* Dataset extract:

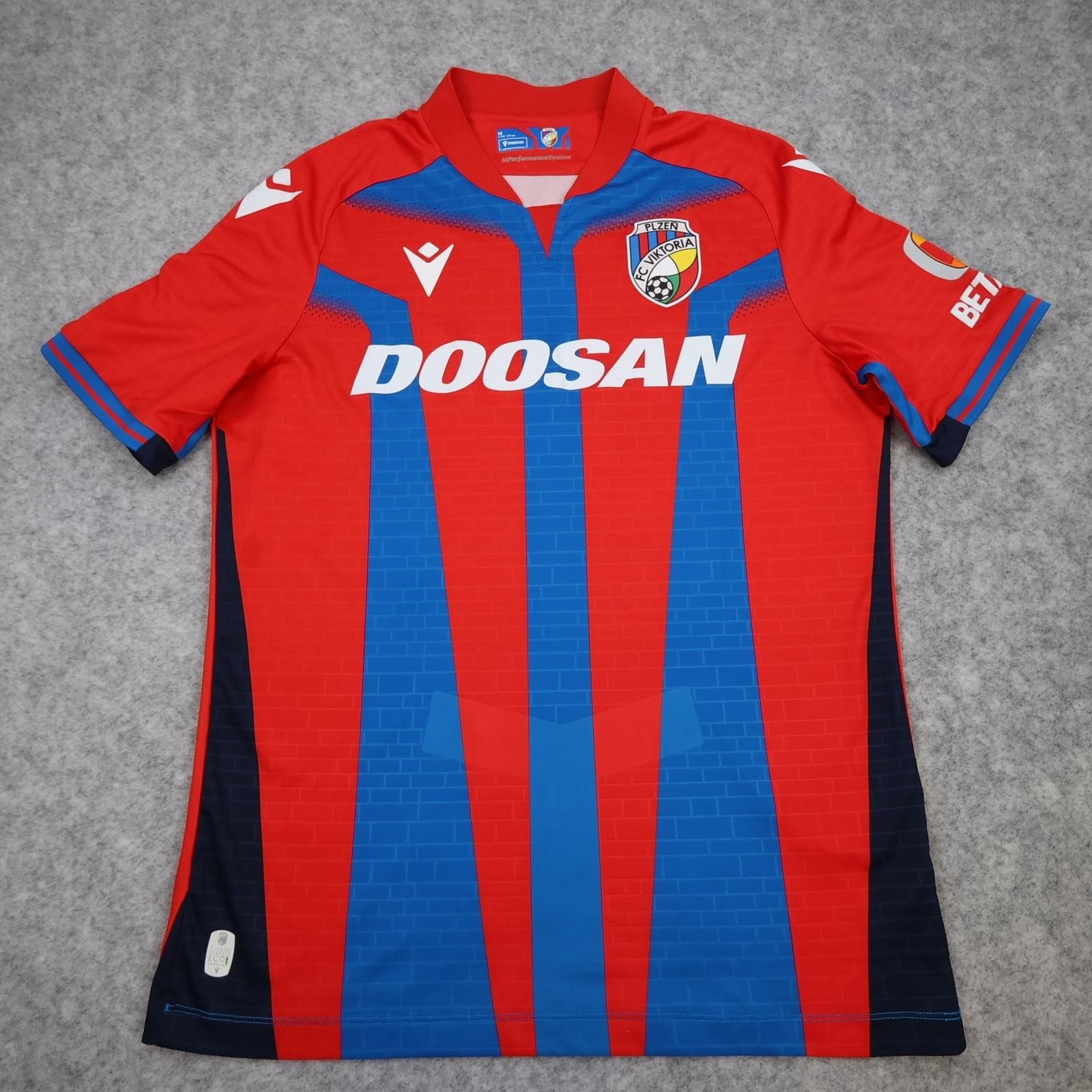 FC Viktoria Plzen Shirt Mens Medium Red Home Football Macron 2023 2024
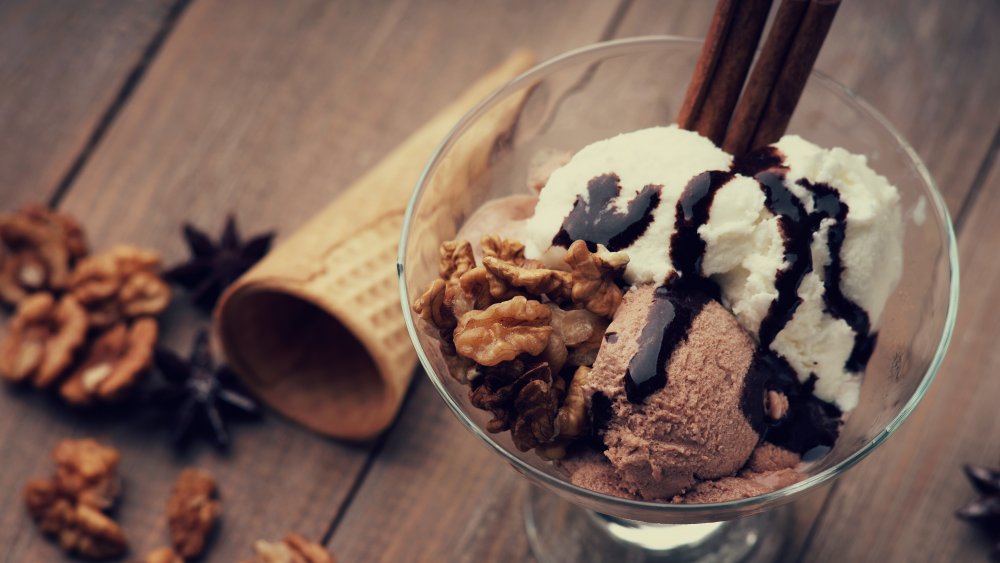 Ice cream sundae in bowl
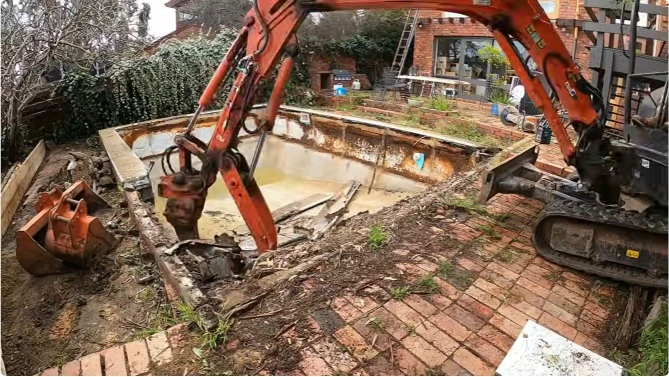 Pool removal equipment and crew in Peoria, IL — RiverCity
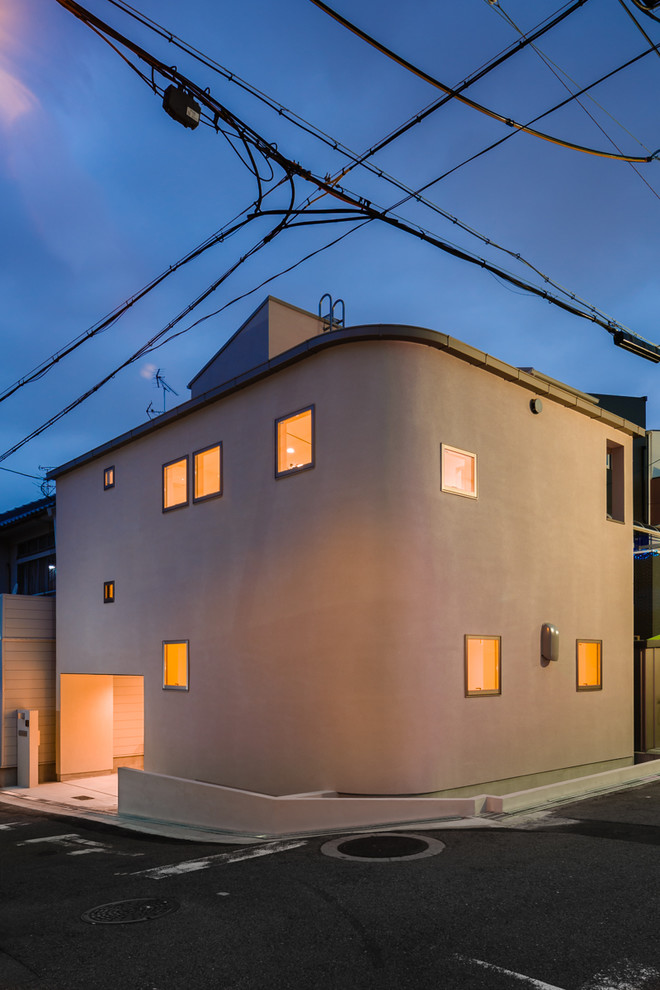 Foto de fachada de casa beige minimalista a niveles con tejado de un solo tendido y tejado de metal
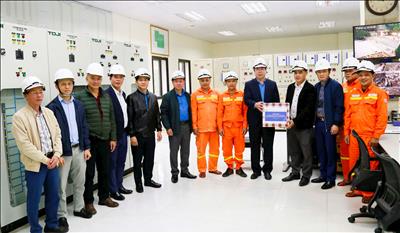Công đoàn Điện lực Việt Nam thăm, động viên cán bộ nhân viên trực đảm bảo điện phục vụ Đại hội Đảng lần thứ XIV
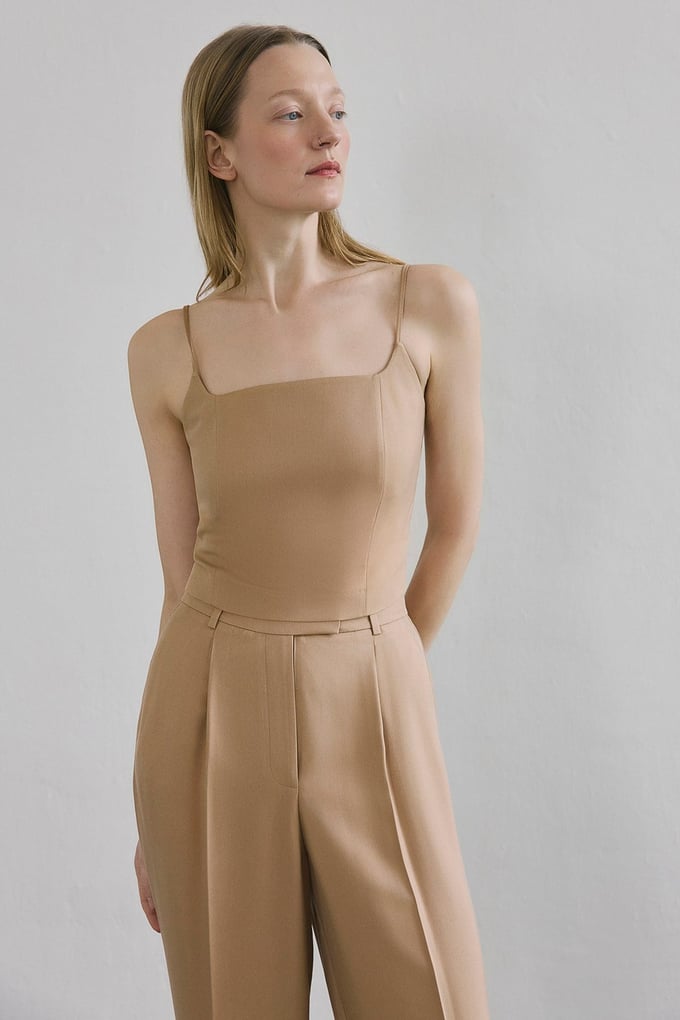 Sleeveless Back Zipper Camel Tank Top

* Task to carry out: Print all entries exactly; skip the pictures.

* Written response:
 FC Viktoria Plzen Shirt Mens Medium Red Home Football Macron 2023 2024
 Ice cream sundae in bowl
 Pool removal equipment and crew in Peoria, IL — RiverCity
 Foto de fachada de casa beige minimalista a niveles con tejado de un solo tendido y tejado de metal
Công đoàn Điện lực Việt Nam thăm, động viên cán bộ nhân viên trực đảm bảo điện phục vụ Đại hội Đảng lần thứ XIV
 Sleeveless Back Zipper Camel Tank Top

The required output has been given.